= Beginning of Section =

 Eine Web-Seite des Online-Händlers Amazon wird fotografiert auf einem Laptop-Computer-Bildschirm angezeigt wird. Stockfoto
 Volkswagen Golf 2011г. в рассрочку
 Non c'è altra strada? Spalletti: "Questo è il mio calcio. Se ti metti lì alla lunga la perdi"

= End of Section =
= Beginning of Section =

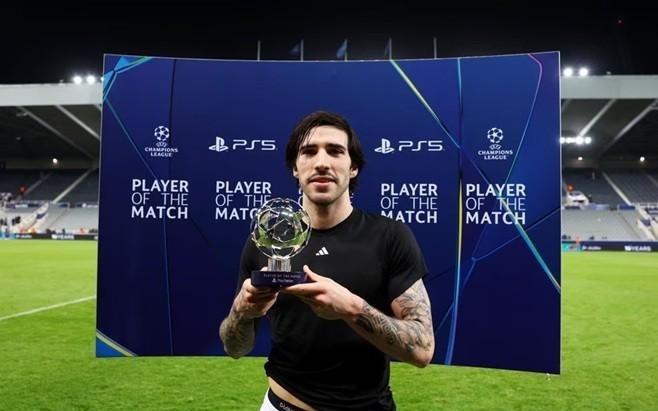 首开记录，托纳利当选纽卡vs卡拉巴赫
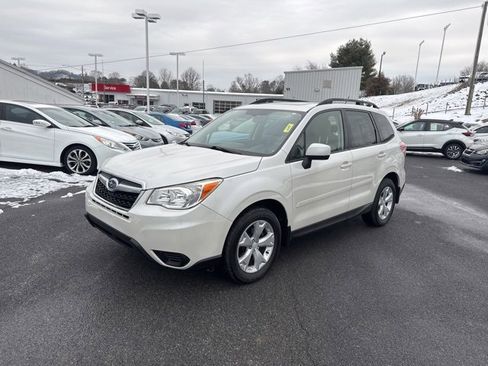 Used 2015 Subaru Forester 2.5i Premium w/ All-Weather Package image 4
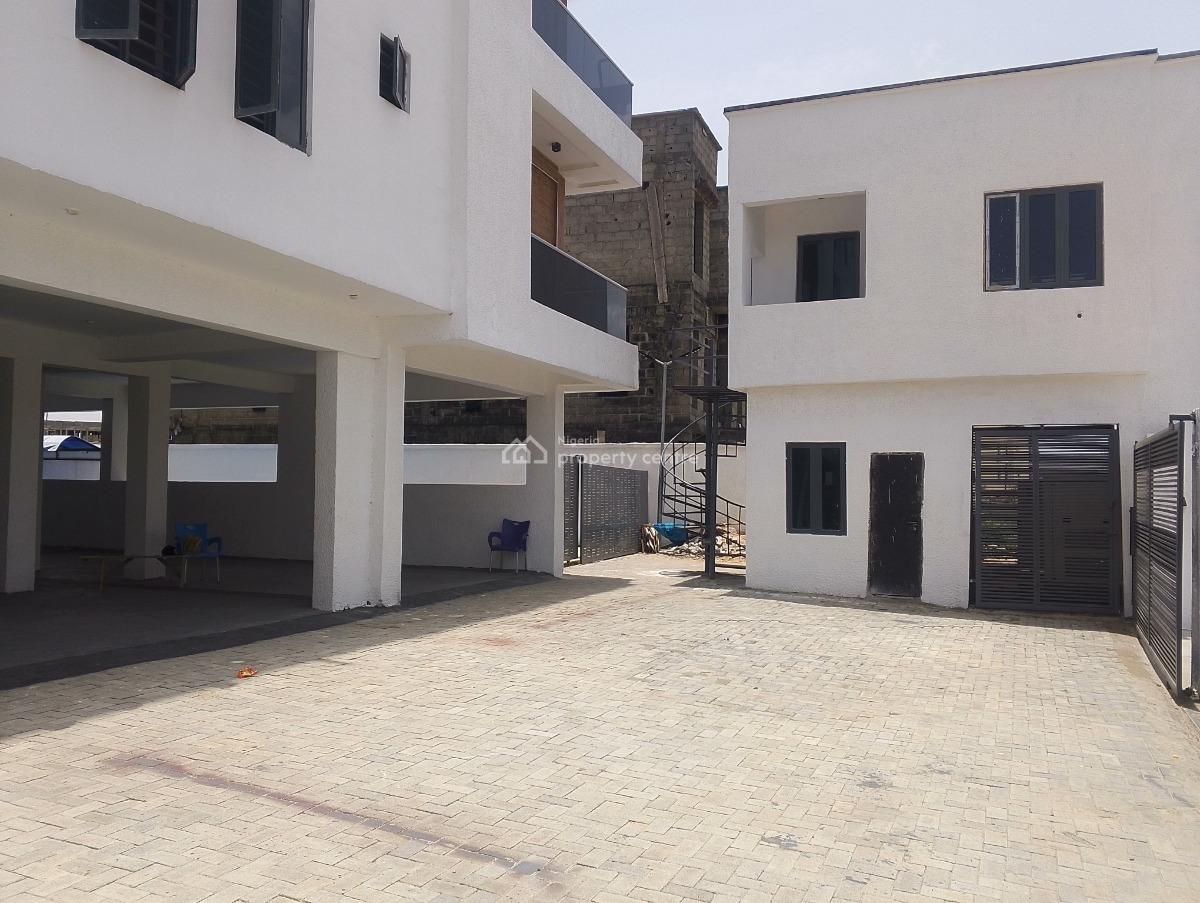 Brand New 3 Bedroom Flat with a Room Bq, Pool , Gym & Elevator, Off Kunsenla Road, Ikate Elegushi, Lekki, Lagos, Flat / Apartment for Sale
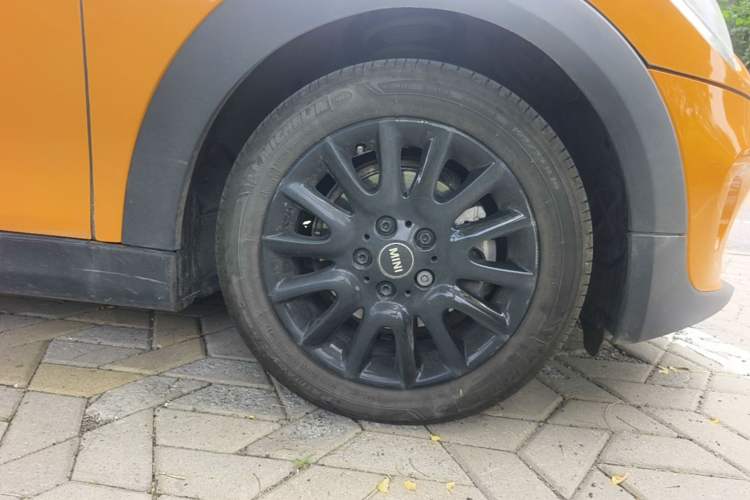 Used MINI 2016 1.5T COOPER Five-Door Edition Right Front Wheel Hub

= End of Section =

*TASK:*
Everything above from the line that has "Used 2015 Subaru" down to the line that has "Used MINI 2016" should be output exactly, with both of those lines included. Leave the pictures behind.

*TASK RESULT:*
 Used 2015 Subaru Forester 2.5i Premium w/ All-Weather Package image 4
 Brand New 3 Bedroom Flat with a Room Bq, Pool , Gym & Elevator, Off Kunsenla Road, Ikate Elegushi, Lekki, Lagos, Flat / Apartment for Sale
 Used MINI 2016 1.5T COOPER Five-Door Edition Right Front Wheel Hub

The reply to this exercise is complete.